• [WHAT YOU HAVE TO DO]
Starting with the line with "Cars Mater Giant" in the entries below and going on through the line with "GAS Audio Power", output every line exactly and nothing more. No pictures.

• [RECORDS FOR PROCESSING]
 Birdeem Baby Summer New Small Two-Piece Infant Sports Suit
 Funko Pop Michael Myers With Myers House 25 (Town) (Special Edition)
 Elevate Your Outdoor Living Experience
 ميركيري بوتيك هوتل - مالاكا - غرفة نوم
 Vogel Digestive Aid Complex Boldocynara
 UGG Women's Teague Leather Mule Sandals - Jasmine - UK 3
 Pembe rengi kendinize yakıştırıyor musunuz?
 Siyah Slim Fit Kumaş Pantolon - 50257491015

==

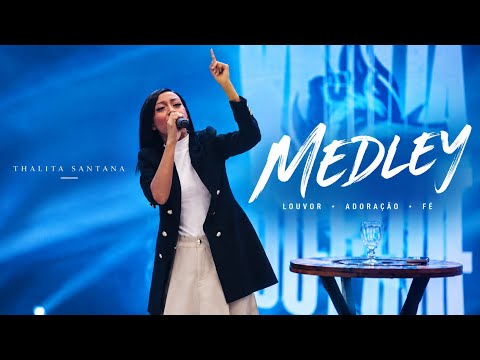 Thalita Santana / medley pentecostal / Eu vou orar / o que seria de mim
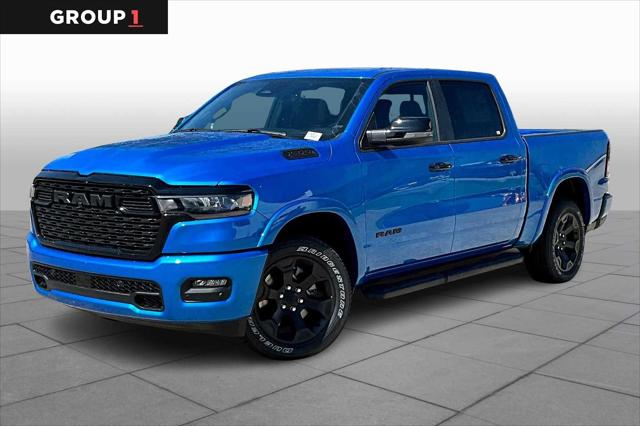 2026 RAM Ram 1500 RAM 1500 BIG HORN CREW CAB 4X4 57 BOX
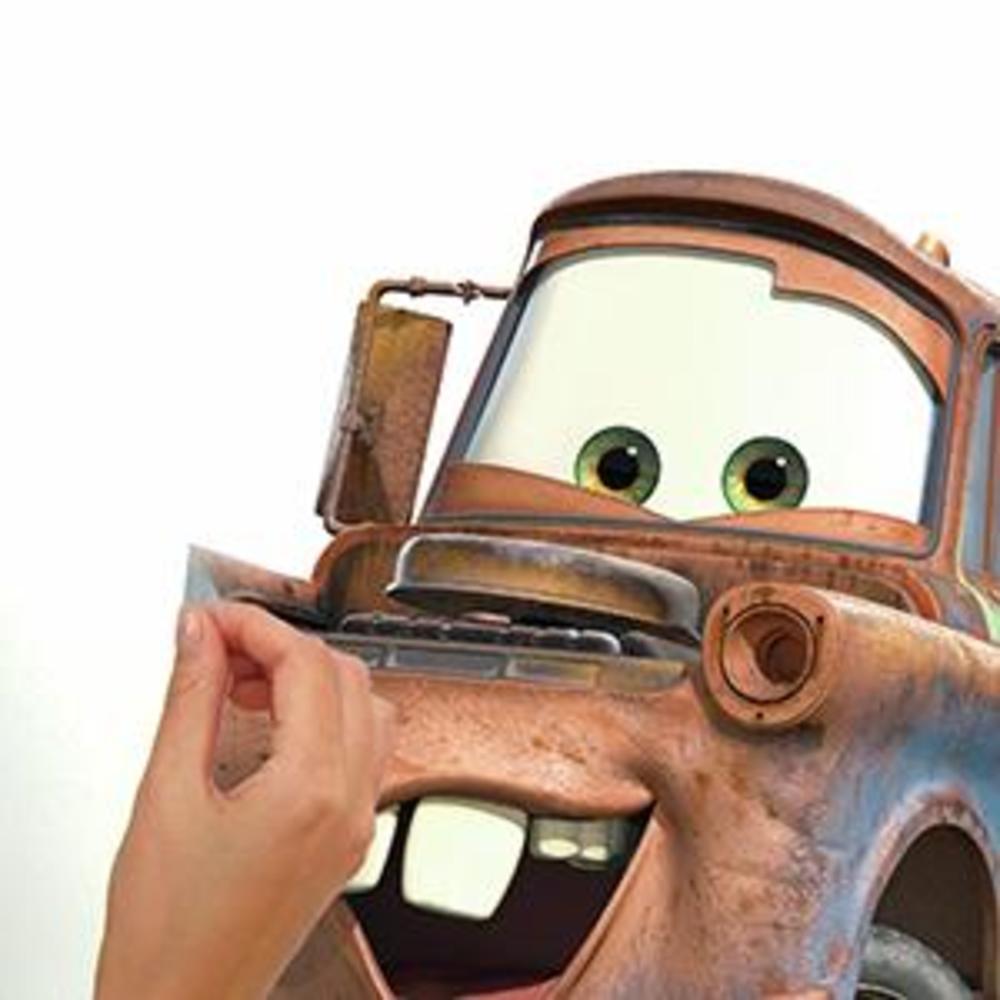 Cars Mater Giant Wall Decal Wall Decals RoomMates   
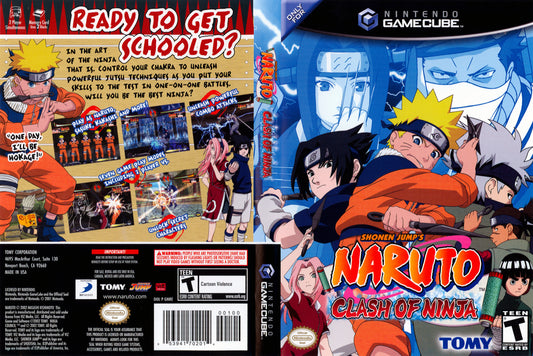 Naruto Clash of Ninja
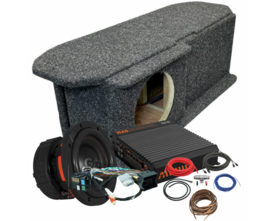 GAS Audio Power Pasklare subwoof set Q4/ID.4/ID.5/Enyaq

---

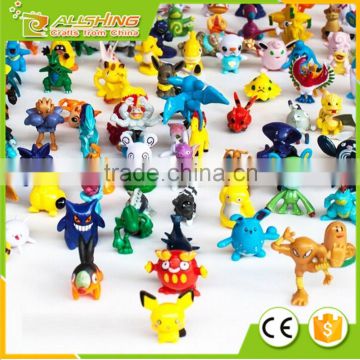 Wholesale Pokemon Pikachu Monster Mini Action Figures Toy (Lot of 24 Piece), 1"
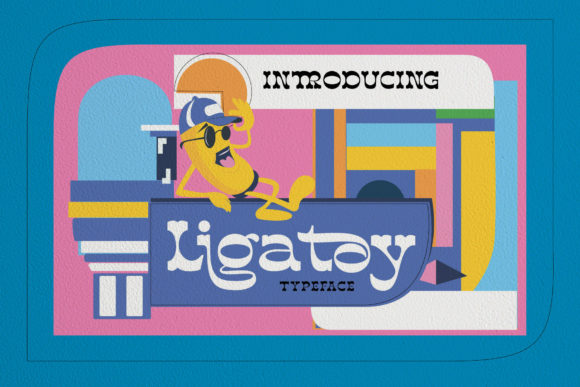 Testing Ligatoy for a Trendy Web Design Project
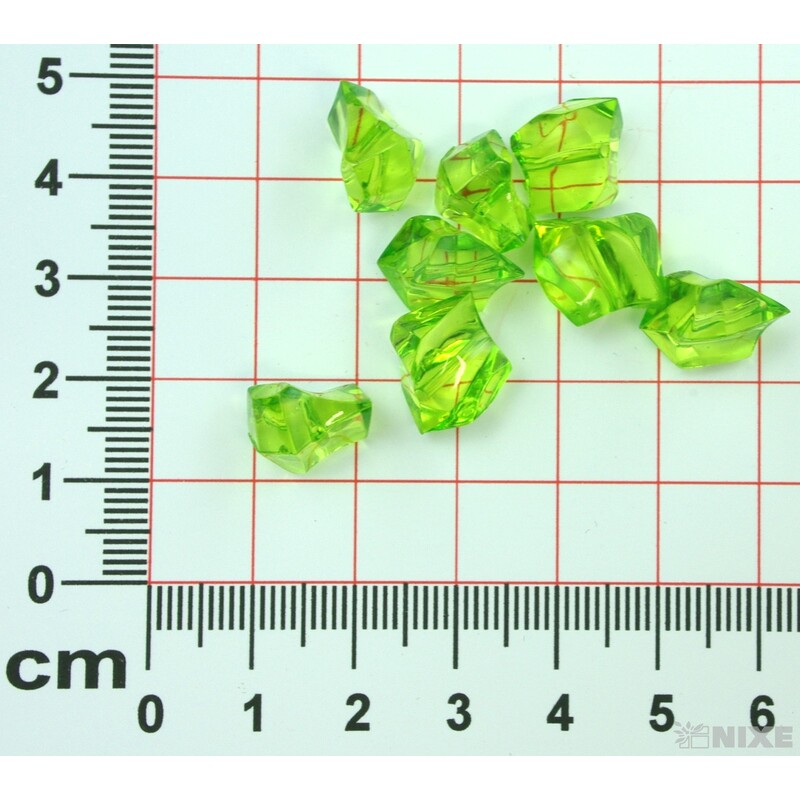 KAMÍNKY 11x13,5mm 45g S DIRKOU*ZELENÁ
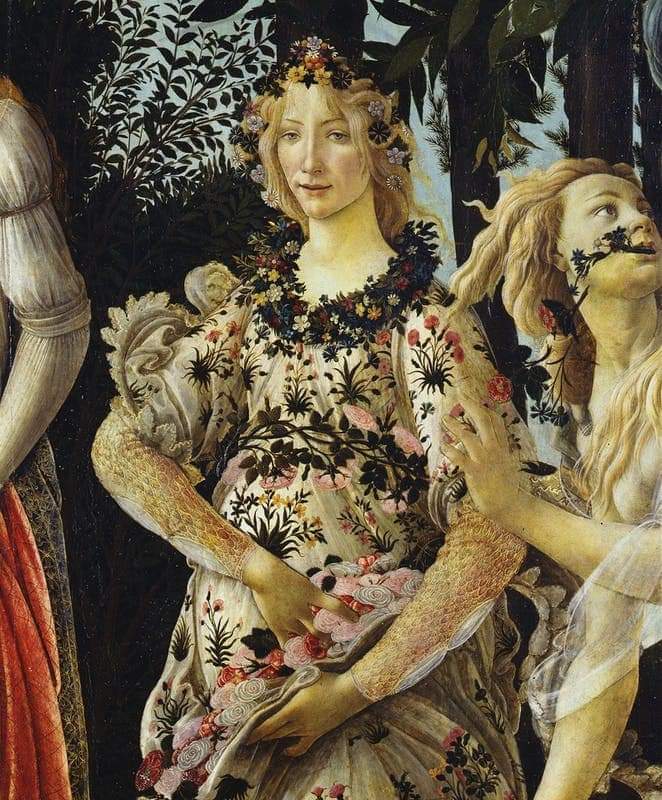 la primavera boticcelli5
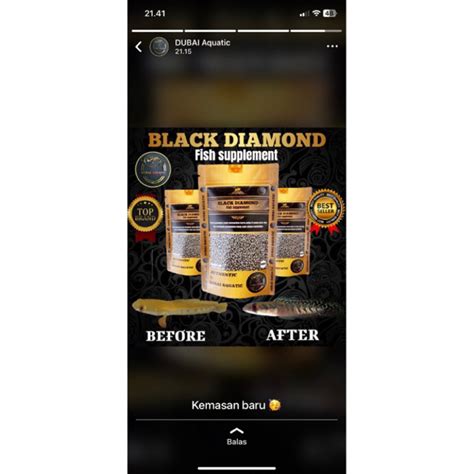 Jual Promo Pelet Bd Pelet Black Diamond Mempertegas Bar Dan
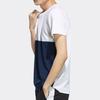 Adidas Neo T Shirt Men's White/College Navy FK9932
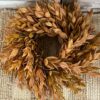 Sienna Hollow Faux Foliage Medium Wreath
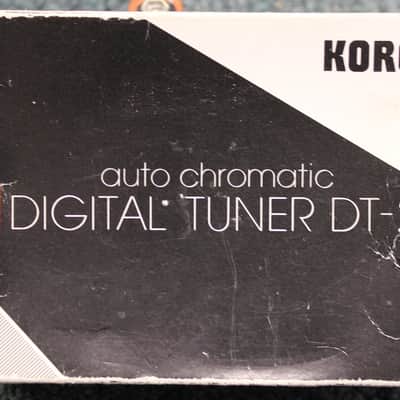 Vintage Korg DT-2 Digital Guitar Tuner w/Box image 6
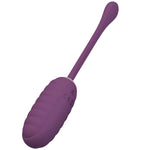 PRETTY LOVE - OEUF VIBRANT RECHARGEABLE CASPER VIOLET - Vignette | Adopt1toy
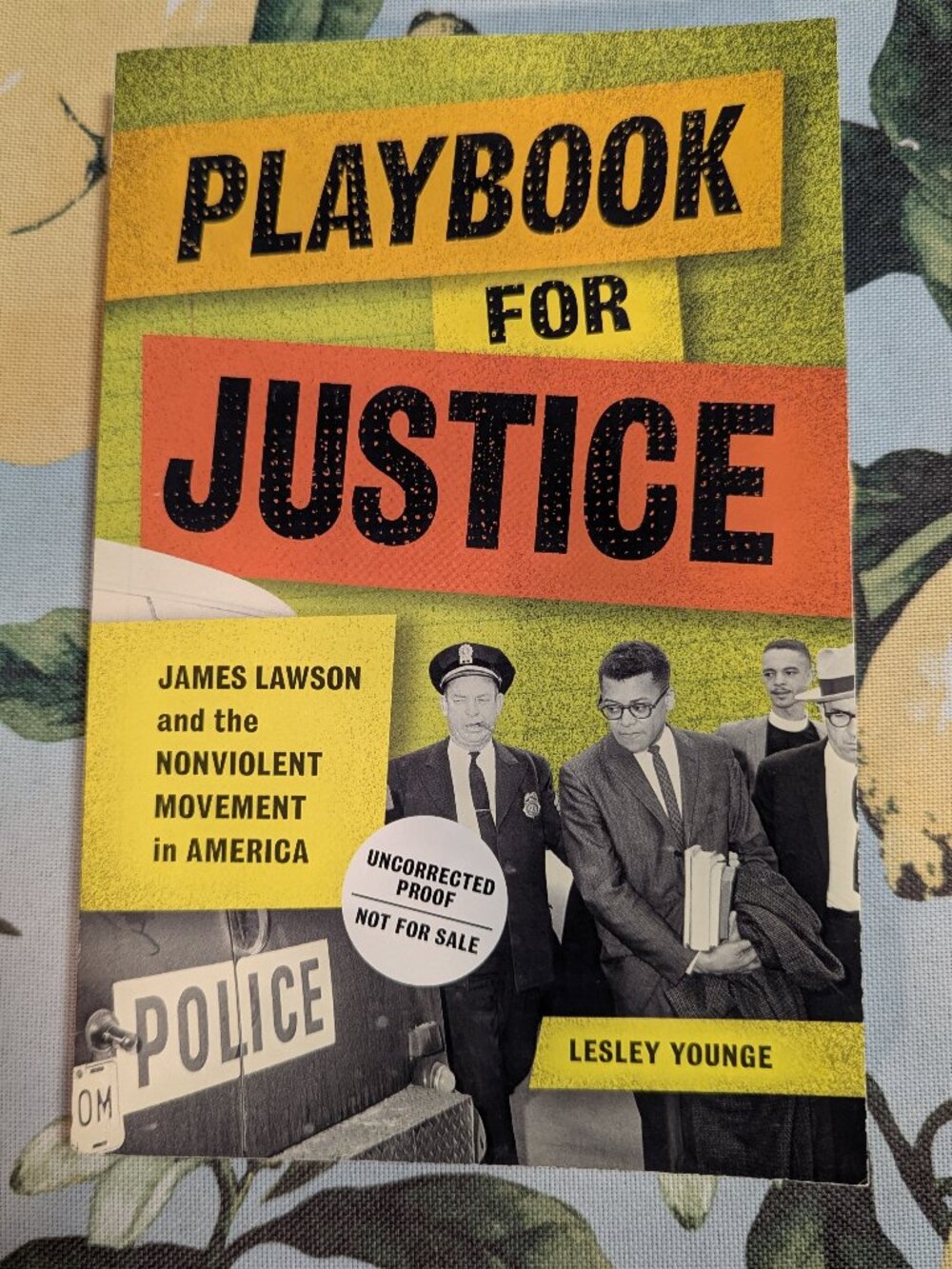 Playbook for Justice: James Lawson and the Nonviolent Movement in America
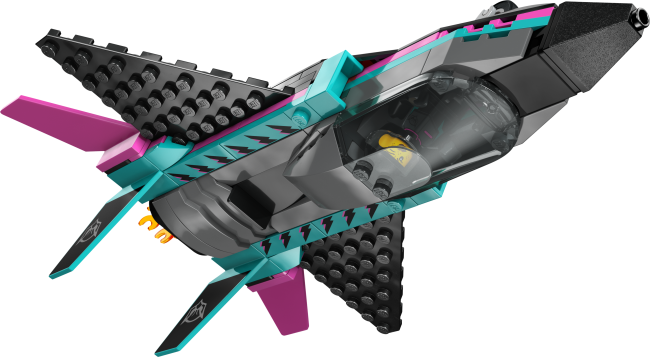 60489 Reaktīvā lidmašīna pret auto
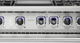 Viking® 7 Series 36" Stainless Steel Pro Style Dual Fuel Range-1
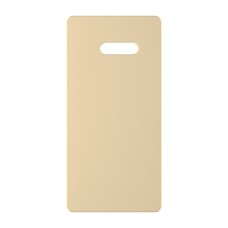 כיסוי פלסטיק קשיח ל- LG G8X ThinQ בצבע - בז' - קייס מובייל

• [OUTPUT OF THE EXERCISE]
 Cars Mater Giant Wall Decal Wall Decals RoomMates   
 Naruto Clash of Ninja
 GAS Audio Power Pasklare subwoof set Q4/ID.4/ID.5/Enyaq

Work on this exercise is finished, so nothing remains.